In the episode "The Lucky Ones", Pamela takes a tour of the Coalition's settlements and is unimpressed to hear Alexandria has fallen more than once. After meeting with Oceanside, Pamela goes to Hilltop, where she tries to persuade Maggie Greene to join the Commonwealth. Maggie is suspicious of the Commonwealth and refuses to accept aid from them, to the frustration of several Hilltop residents who decide to go join the Commonwealth. Hornsby is also frustrated by Maggie's decision but insists to Aaron he will persevere, seeking to build up his power to get out from under Pamela.

In the second part finale "Acts of God", Max investigates Pamela and assembles some members of Alexandria to post an article in the newspaper about Pamela's lies.

In the third part premiere "Lockdown", Carol Peletier and Negan locate Sebastian and safely deliver him to Pamela. Desperate, Pamela strikes an uneasy deal with Carol. At the same time, the others engage in a cat and mouse game with Hornsby's soldiers, killing several before they end up in a standoff. In the episode "A New Deal", the standoff escalates when Dixon takes Hornsby hostage just as Carol, Negan, Pamela, and Mercer arrive. Sebastian is later killed by a zombie during a riot instigated by Hornsby.
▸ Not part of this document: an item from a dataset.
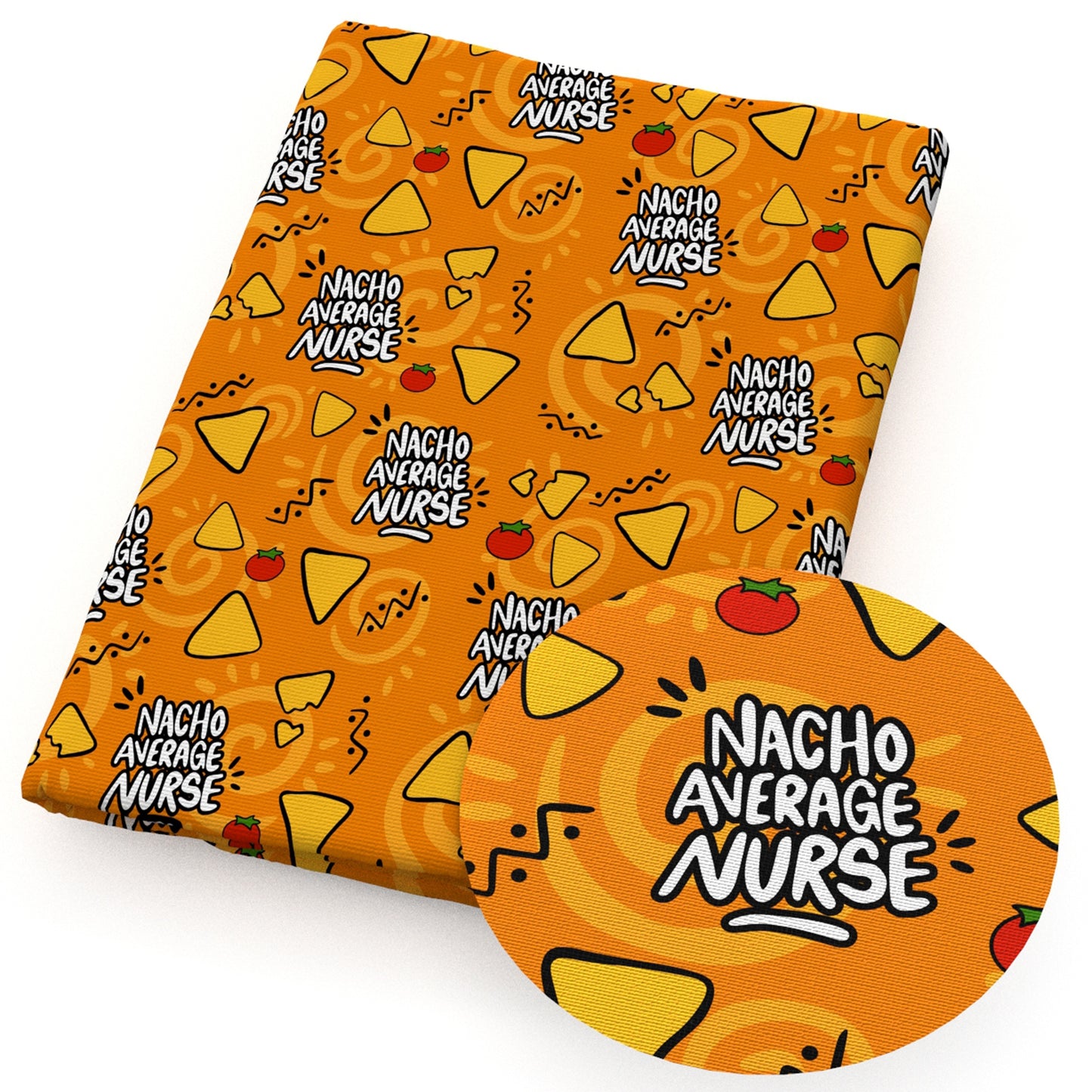 medical design theme fabric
In the episode "Variant", in the aftermath of the riot, Pamela publicly blames Max's boyfriend Eugene Porter for Sebastian's death. She promises to pardon Max if Mercer cooperates. When Sebastian reanimates as a zombie, a grieving Pamela has Rowan executed and orders Hornsby to feed his corpse to Sebastian as a punishment. In the episode "What's Been Lost", Pamela blackmails Yumiko Ukumora into being the prosecutor in Eugene's show trial, threatening to kill her brother Tomichi if she refuses. After learning of Daryl, Carol and Lance's escape, Yumiko reminds the Commonwealth of how invaluable Tomi is before making the stunning public announcement that Pamela is unjustly persecuting Eugene, and Yumiko will be acting as Eugene's defense attorney instead of his prosecutor.
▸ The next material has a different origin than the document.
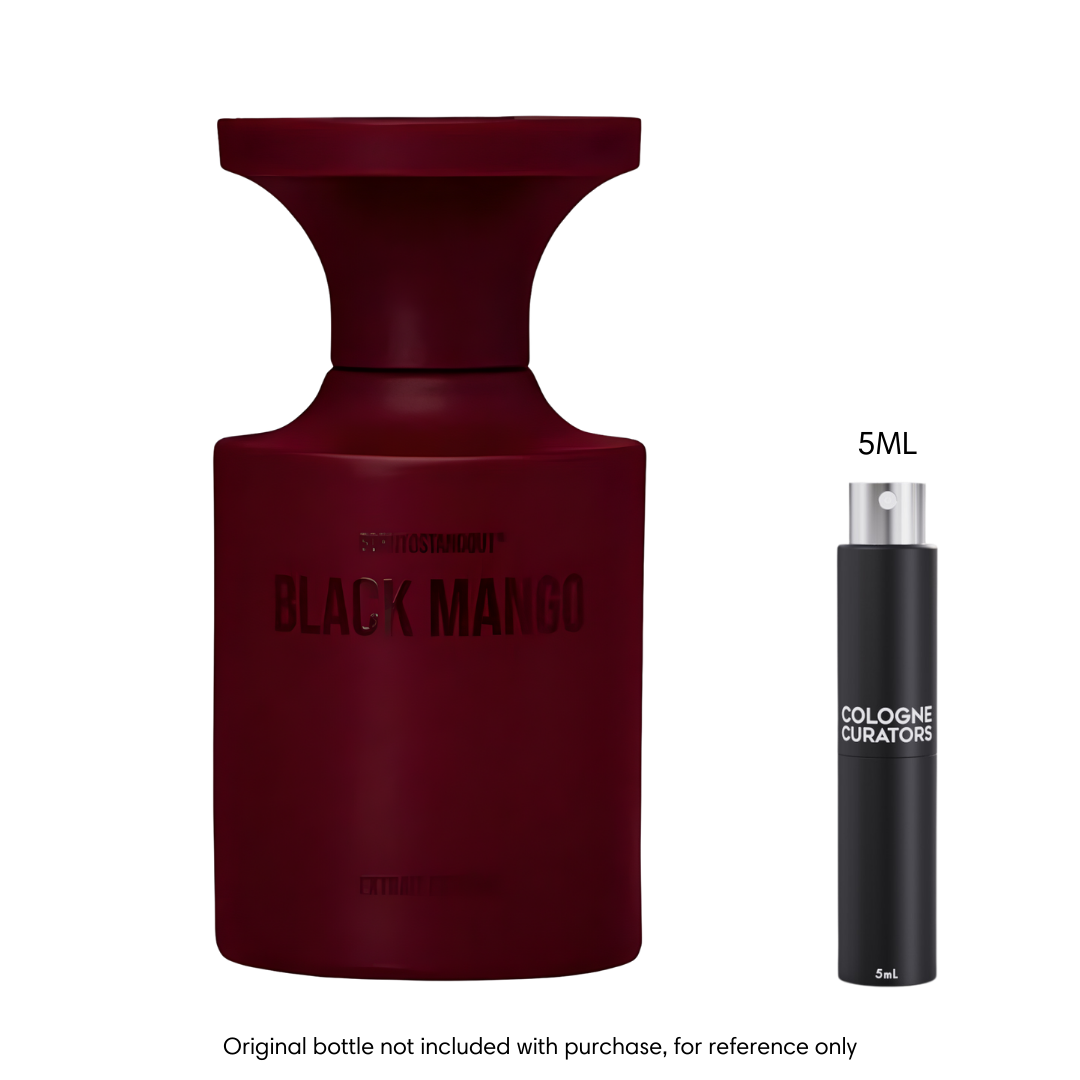 SAMPLE - Borntostandout Black Mango Extrait Extreme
In the episode "Faith", Eugene goes on trial, creating a great deal of unrest in the Commonwealth despite Pamela's efforts to claim that Eugene had fabricated the tape of Sebastian. In the episode "Family", Princess makes contact with Mercer, who helps the group sneak in and plans to use the testimony of the liberated prisoners to legally remove Pamela from power. However, Pamela catches onto his deception and has Mercer arrested for treason. Pamela draws the Coalition into a trap, killing Tyler and several others before they manage to escape. An enraged Pamela opens fire into the crowd, accidentally wounding Judith Grimes. In an attempt to quell the rebellion, Pamela has a massive herd of zombies led to the city to trigger a lockdown, but the herd contains a number of variant walkers and is able to overrun the Commonwealth's defenses. Pamela orders her soldiers to protect the homes of the elite, abandoning the rest of the Commonwealth in order to save herself.
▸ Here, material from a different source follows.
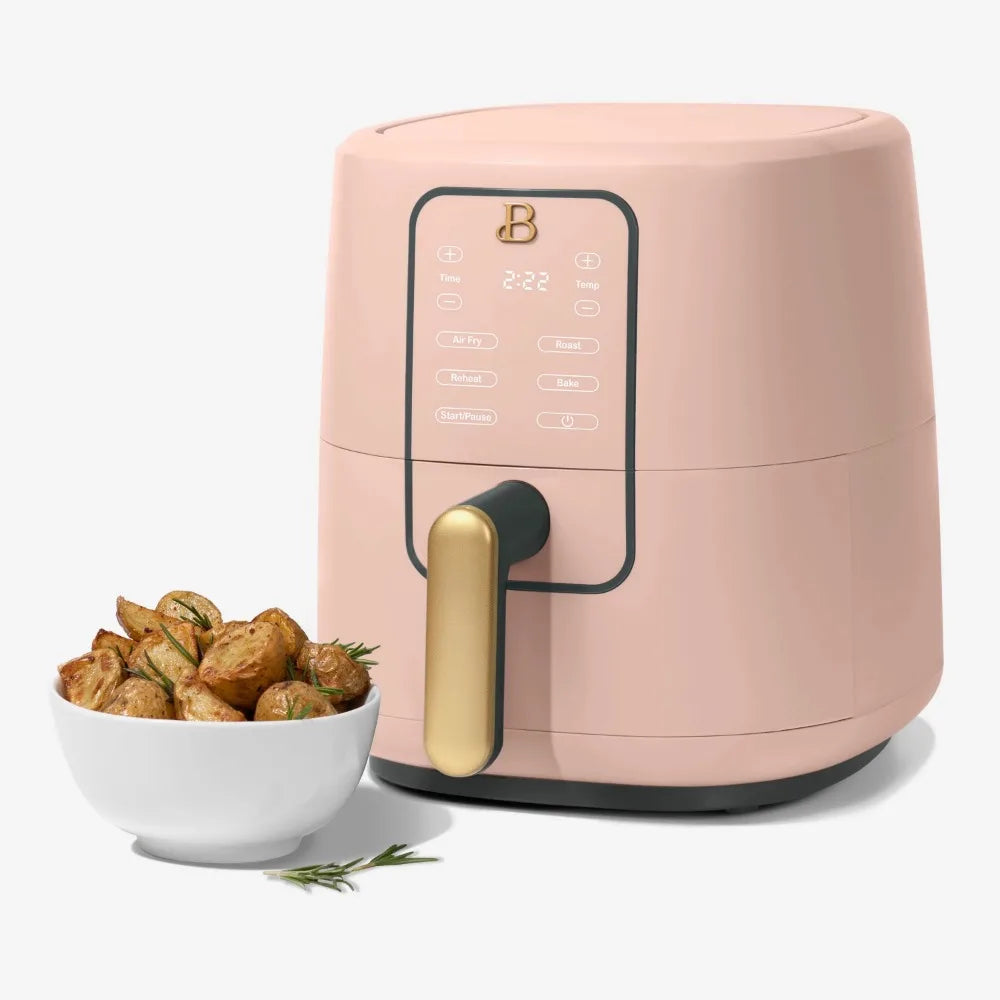 Ljustra 3 Qt Air Fryer TurboCrisp Technology Healthy Cooking 2025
In the series finale "Rest in Peace", Princess and Max break Mercer out who leads his men and the Coalition forces in confronting Pamela as she barricades herself in the Estates. With the people outside about to be devoured, Daryl gives a rousing speech that causes Pamela's men to turn on her and allow everyone inside. Mercer arrests Pamela for her crimes, but she tries to feed herself to a zombified Hornsby instead. Recognizing that prison is a worse fate than death for Pamela, Maggie puts Hornsby down and saves her. Pamela is then imprisoned for life in her own jail.

==Development and reception==
Laila Robins was cast as Pamela Milton, the governor of the Commonwealth.

In the series finale "Rest in Peace", Kirsten Acuna for Insider first commented regarding Gabriel Stokes that "Watching Governor Pamela Milton hide inside her estate as she watched her people about to meet a similar fate at its gates probably sent him right back to his lowest moment." Acuna also described how Pamela nearly died in a manner similar to how Carol died in issues No. 41 and 42 of the comics: "As Pamela (Laila Robins) realizes she's lost everything — her son, her rule over the Commonwealth community — she spots her former right-hand man, Lance Hornsby (Josh Hamilton (actor)), has been turned into one of the dead. Feeling like she's lost anyone who ever loved her, she inches slowly toward Lance and considers letting him bite her neck." Acuna noted how a recording of the song "Cult of Personality" by Living Colour is played as Pamela's rule over the Commonwealth ends, "which remarks on the cult status of a leader who is followed without question is a pretty perfect track to symbolize Pamela's rule over the Commonwealth."